I'm about to start commuting from Abu Dhabi to Dubai on a daily basis from next week onwards. A long distance, I know, but it's where my accommodation is located. 

I'm working in Media City and wondering if anyone knows good places to park? Considering IBN Battuta or Nakheel Harbour and Tower and getting the metro to Nakheel (ten minute walk to office).


----------



## de Mexicaan (Apr 16, 2012)

Let's see if this link works....
Google map
I think (but I am not sure) that that parking is not paid. It is right next to Media city.


----------



## de Mexicaan (Apr 16, 2012)

de Mexicaan said:


> Let's see if this link works....
> Google map
> I think (but I am not sure) that that parking is not paid.
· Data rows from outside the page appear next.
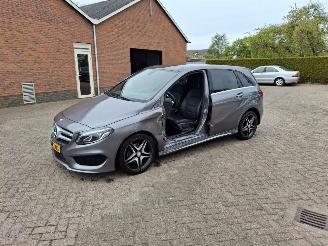 Mercedes B-klasse 180 1.6i  90kw pano navi picture 3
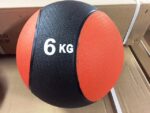 Medicinka 6kg Dvobojna - Gumena Žoga za Funkcionalni Trening - slika 3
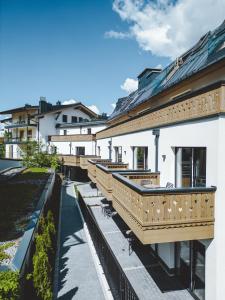 rząd drewnianych balkonów po stronie budynku w obiekcie The Gast House Zell am See w mieście Zell am See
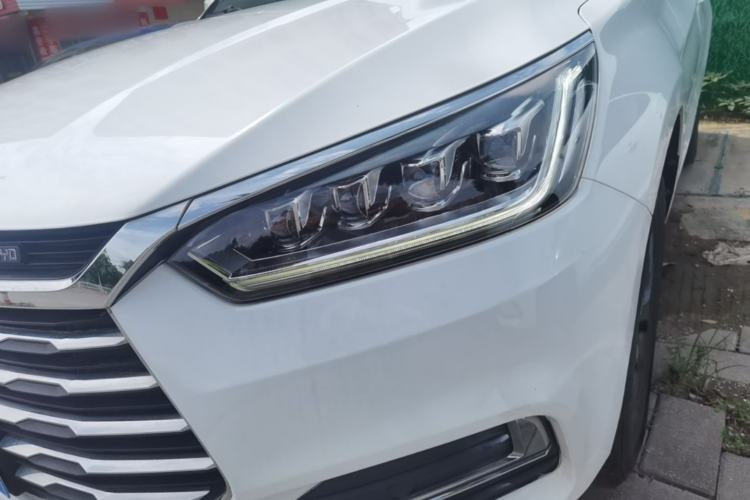 Used BYD Song 2021 Classic Edition 1.5T Automatic Elite Model Left Front Headlight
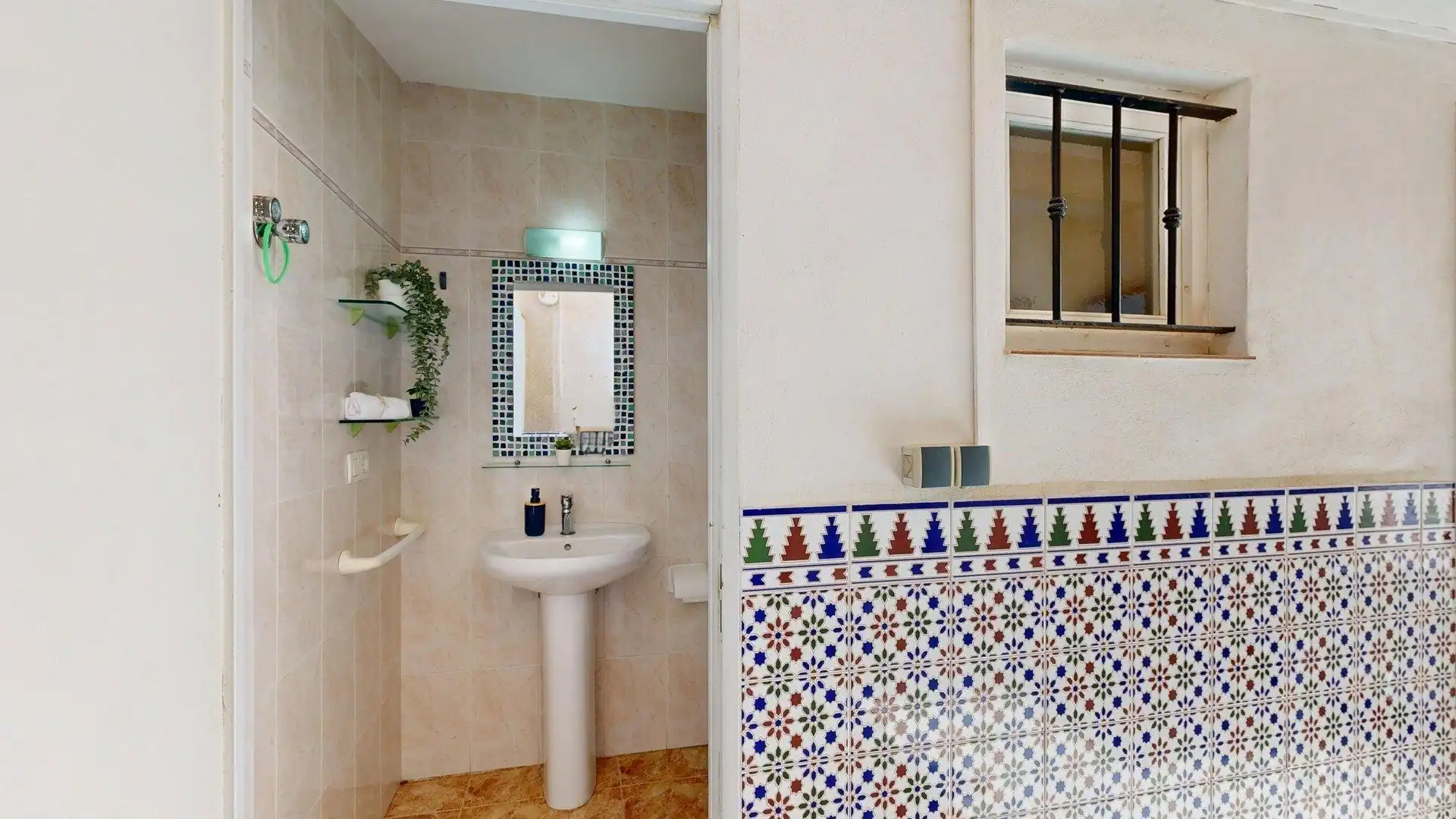 Baño de Casa adosada en venta en Pilar de la Horadada con Jardín privado, Terraza y Balcón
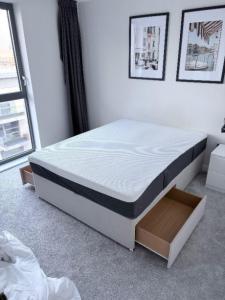 King Size Bed (BritishBedsDirect) & Emma Mattress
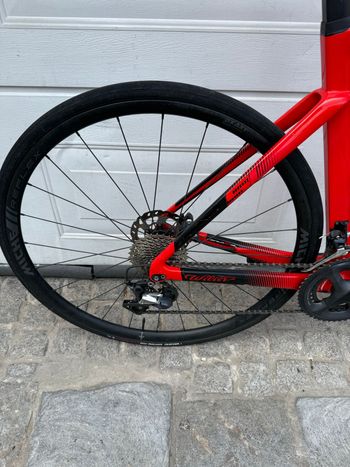 Used Wilier CENTO10 SL 2023 2023 Road & Gravel, Rojo — image 3 of 7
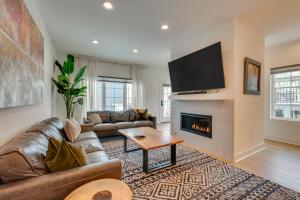 Televisyen dan/atau pusat hiburan di 14 Mi to Boulder Family-Friendly Home in Erie!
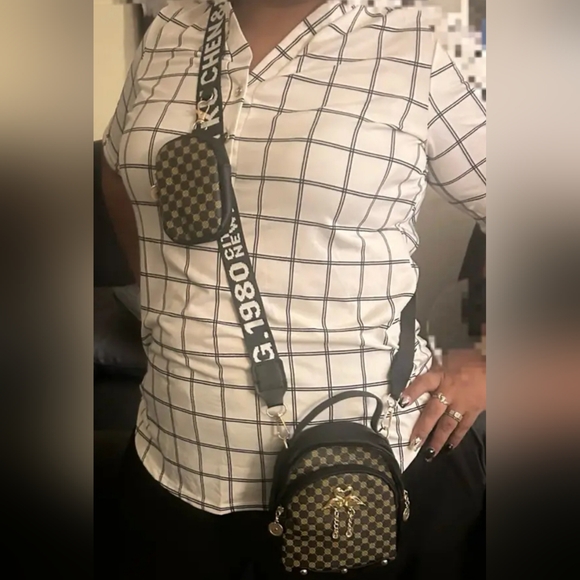 Designer Inspired Kissing Doves Handbag and Purse Set - Picture 2 of 16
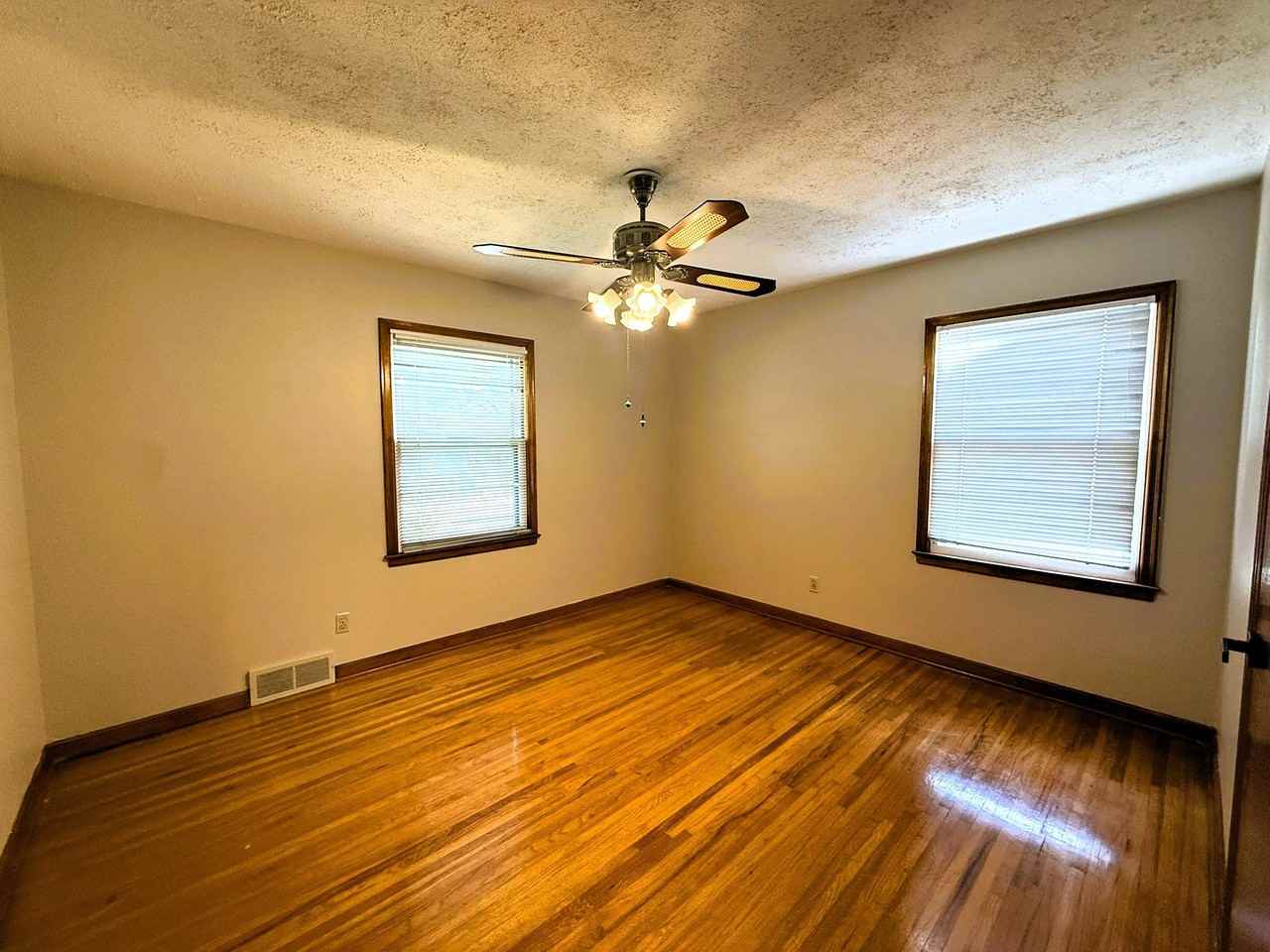 5913 E Bellaire St - Photo 4 of 12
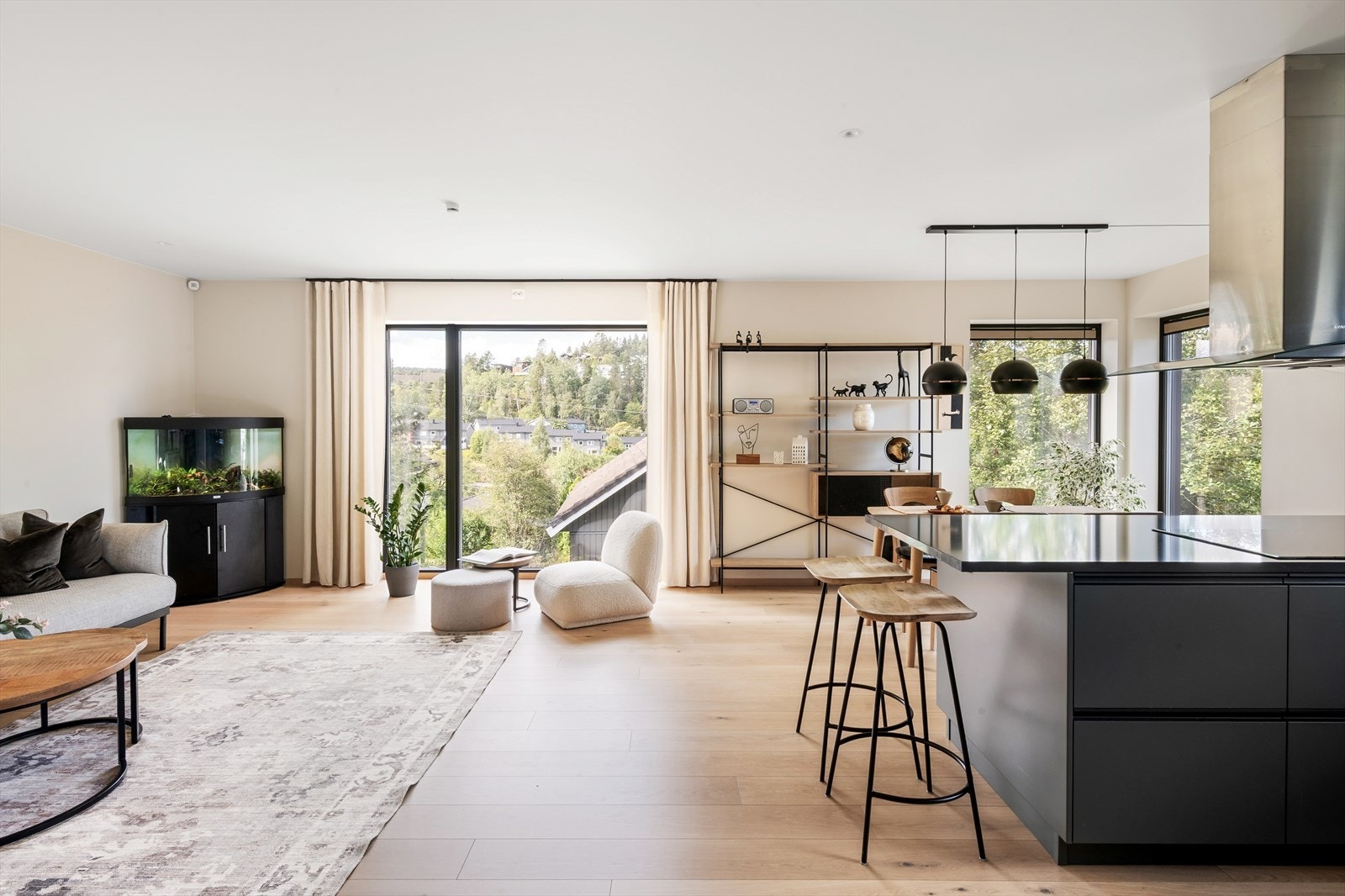 Det første som møter deg i stuen er de store panoramavinduer som gir deg en fantastisk, usjenert utsikt. Alle vinduer ble utstyrt med screens, som gir solskjerming og bedre energieffektivitet om vinteren. Galleribilde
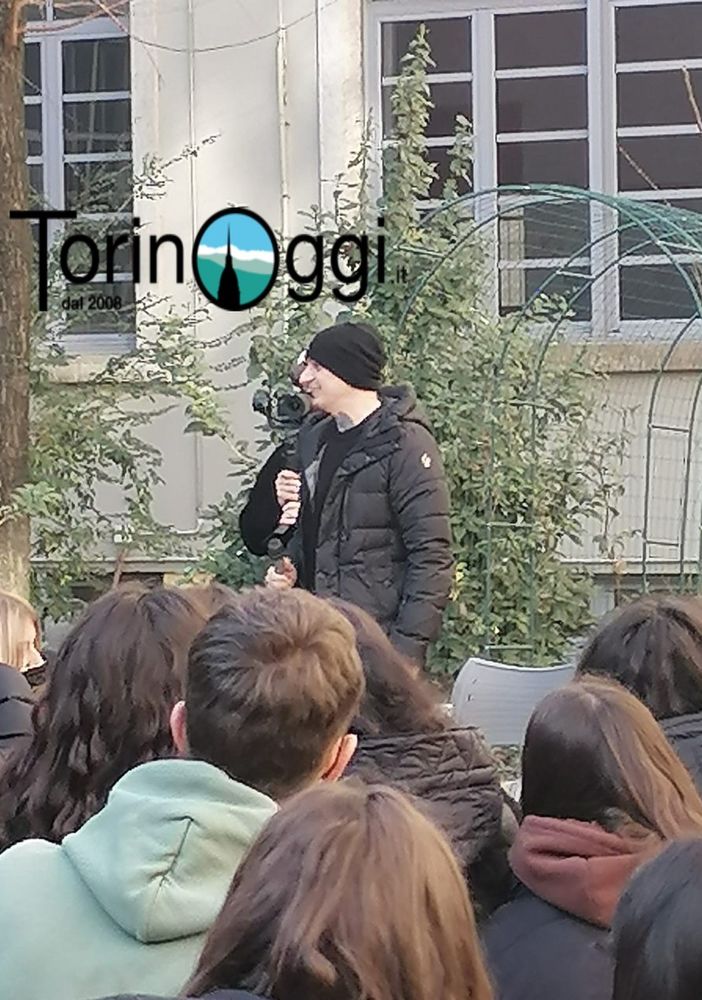J-Ax parla agli studenti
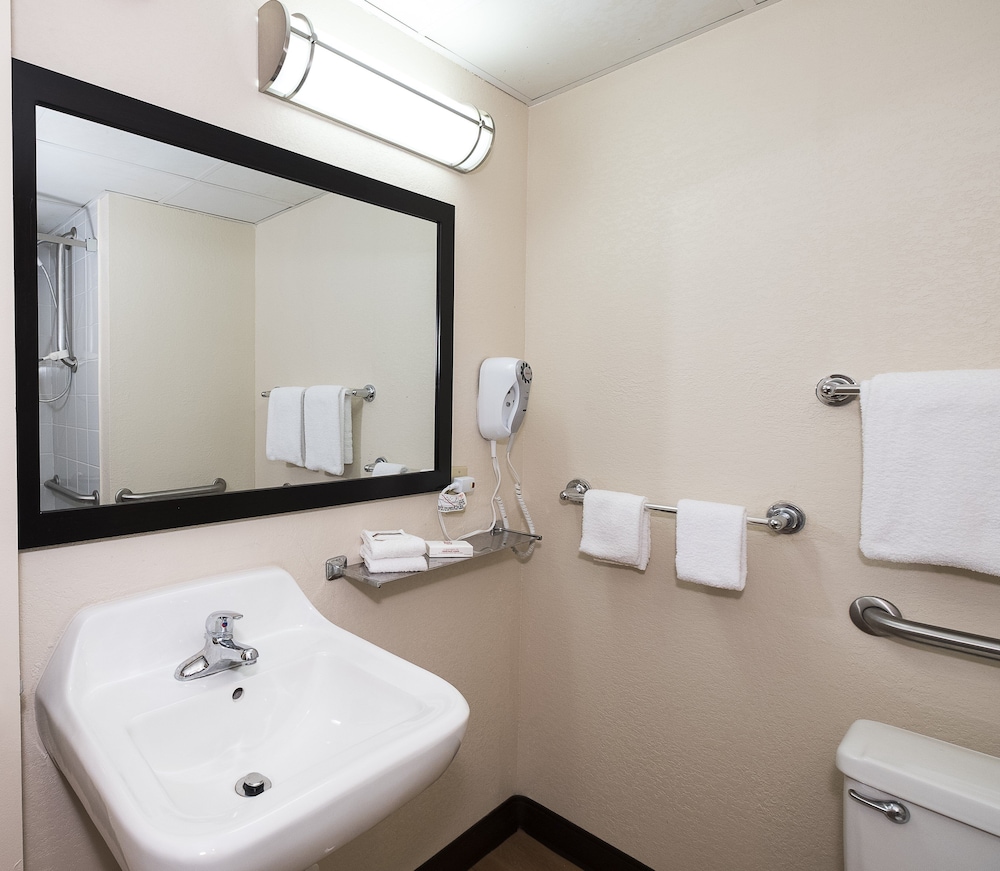 Red Roof Inn Cortland - photo 14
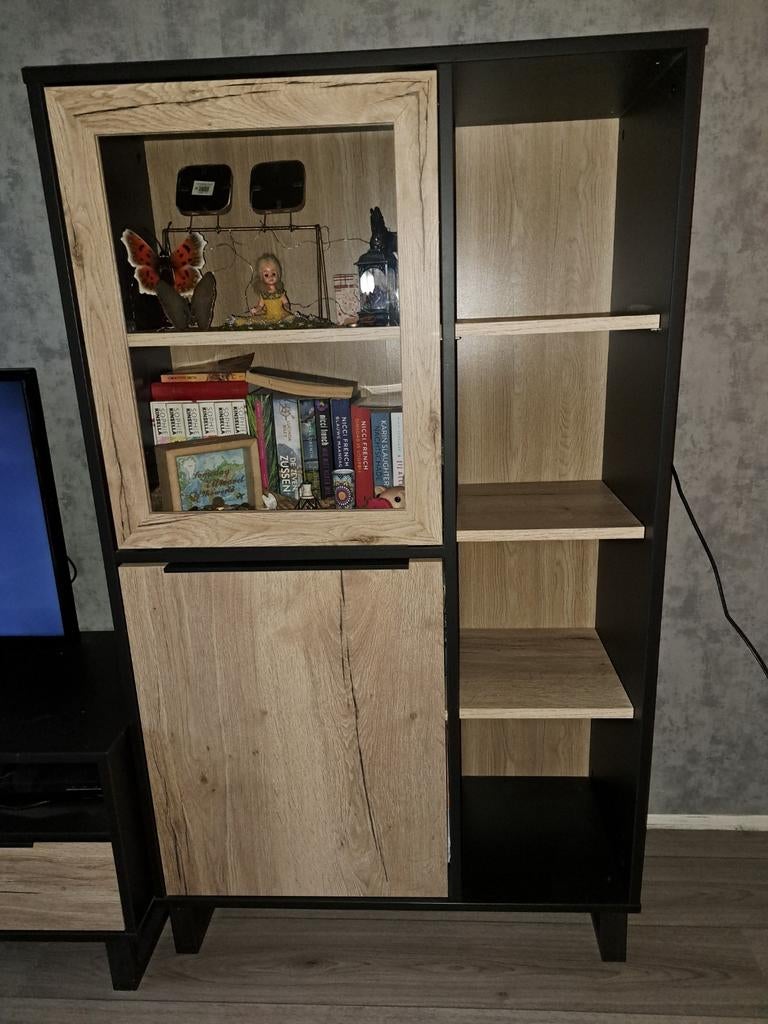 Vitrinekast, Ophalen, 25 tot 50 cm, 50 tot 100 cm, 150 tot 200 cm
It is right next to Media city.


Correction to myself: it is also paid parking so that will not solve the issue.


----------



## IzzyBella (Mar 11, 2013)

Marina Mall has free parking... only takes 10 mins by taxi (tops) to get into DMC from there, or you could get the metro.

(Don't know if they check cars/clamp/etc, so don't take it as gospel)


----------



## moversgl (May 30, 2013)

you are right Marina Mall has free parking....i love this mall


----------



## ReggieDXB007 (Mar 10, 2011)

Oh dear - bet it won't be long before those barriers come into operation. Unfortunately parking at DMC is dreadful as you will doubtless have discovered. The Metro is useful only if you work in the northern area of DMC, near the Central Business Towers (Chrysler building), otherwise it is a long walk from the Internet City (or I suppose Nakheel) metro station. If the metro suits you, you could try parking at the Nakheel Harbour metro station which has a massive car park (supposedly free) attached to it for park and ride Nakheel Harbour and Towers Station - My Dubai Metro although I haven't tried it personally.


----------